Selecting the Right Sealant Technology for the Job

What are the important questions to ask yourself when making a seal?

To help you determine the right sealant technology for each job (silicone, polyurethane, MSP (modified-silane polymer), butyl, etc.), you must first determine which properties are essential, which provide advantages but are not crucial, and which are secondary.

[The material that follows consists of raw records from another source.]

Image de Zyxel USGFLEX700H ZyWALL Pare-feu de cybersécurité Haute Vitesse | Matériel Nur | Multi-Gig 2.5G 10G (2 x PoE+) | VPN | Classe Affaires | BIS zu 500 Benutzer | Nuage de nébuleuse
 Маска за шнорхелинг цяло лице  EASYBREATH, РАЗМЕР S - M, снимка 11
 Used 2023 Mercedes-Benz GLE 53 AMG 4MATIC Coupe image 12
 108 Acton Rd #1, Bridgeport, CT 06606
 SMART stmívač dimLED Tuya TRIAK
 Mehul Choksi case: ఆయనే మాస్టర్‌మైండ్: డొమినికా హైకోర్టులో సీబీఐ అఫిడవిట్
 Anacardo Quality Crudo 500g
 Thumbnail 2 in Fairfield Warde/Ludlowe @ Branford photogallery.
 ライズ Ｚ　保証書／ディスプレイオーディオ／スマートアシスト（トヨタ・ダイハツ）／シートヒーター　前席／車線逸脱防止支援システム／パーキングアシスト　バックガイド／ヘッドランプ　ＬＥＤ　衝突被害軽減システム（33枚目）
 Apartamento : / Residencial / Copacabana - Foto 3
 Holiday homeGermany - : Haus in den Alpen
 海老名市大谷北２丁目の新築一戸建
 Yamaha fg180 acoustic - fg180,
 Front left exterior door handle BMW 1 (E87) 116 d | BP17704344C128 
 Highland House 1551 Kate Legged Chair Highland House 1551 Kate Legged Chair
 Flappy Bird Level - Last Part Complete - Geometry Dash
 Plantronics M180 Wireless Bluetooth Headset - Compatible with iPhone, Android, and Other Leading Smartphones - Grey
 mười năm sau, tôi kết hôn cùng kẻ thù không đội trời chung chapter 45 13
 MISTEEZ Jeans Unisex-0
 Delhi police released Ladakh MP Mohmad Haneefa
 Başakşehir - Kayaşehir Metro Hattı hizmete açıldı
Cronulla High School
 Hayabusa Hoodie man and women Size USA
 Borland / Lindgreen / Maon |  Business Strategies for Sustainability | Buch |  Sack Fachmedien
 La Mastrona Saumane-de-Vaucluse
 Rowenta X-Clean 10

Below are a few of the questions to ask yourself:

  •   Is impermeability to liquids or gases necessary? Although all four technologies offer impermeability to liquids, only butyl sealants are impermeable to gases and vacuum.
  •   What is the maximum temperature the seal will have to withstand? If the surrounding temperatures will be more than 90°C (194°F) at all times, only silicone sealants are suitable.
  •   Is the substrate hard to bond? All four technologies offer a broad spectrum of adhesion. However, experience shows that MSP’s adhere better to certain plastics. Furthermore, only silicone will bond to silicone surfaces.
  •   Is a high level of mechanical strength necessary? Some polyurethane adhesive sealant offer mechanical strengths of up to 10 MPa. MSP XS55 has a mechanical strength of up to 6 MPa. Most silicones and butyls have a lower mechanical strength.
  •   Will the seal be painted or coated? If the answer is yes, MSPs are the right choice. Do not use silicones.
  •   Is a clear seal needed? If the answer is yes, the Dow Corning range has many clear sealants. Merbenit offers only one clear MSP(Merbenit TS40).
  •   Is a food-grade sealant necessary? If the answer is yes, use an NSF and/or FDA approved silicone.
  •   Will the seal be exposed to chemicals?Always find out what the chemical is (organic solvent, acid, base, etc.) to check for compatibility. Silicones stand up best to chemical attack in general.
  •   Will the seal be exposed to UV light? Again, silicones offer the best UV resistance. MSP’s offer good resistance (particularly Merbenit UV27 ) while polyurethanes degrade rapidly if they are not treated with a UV inhibitor.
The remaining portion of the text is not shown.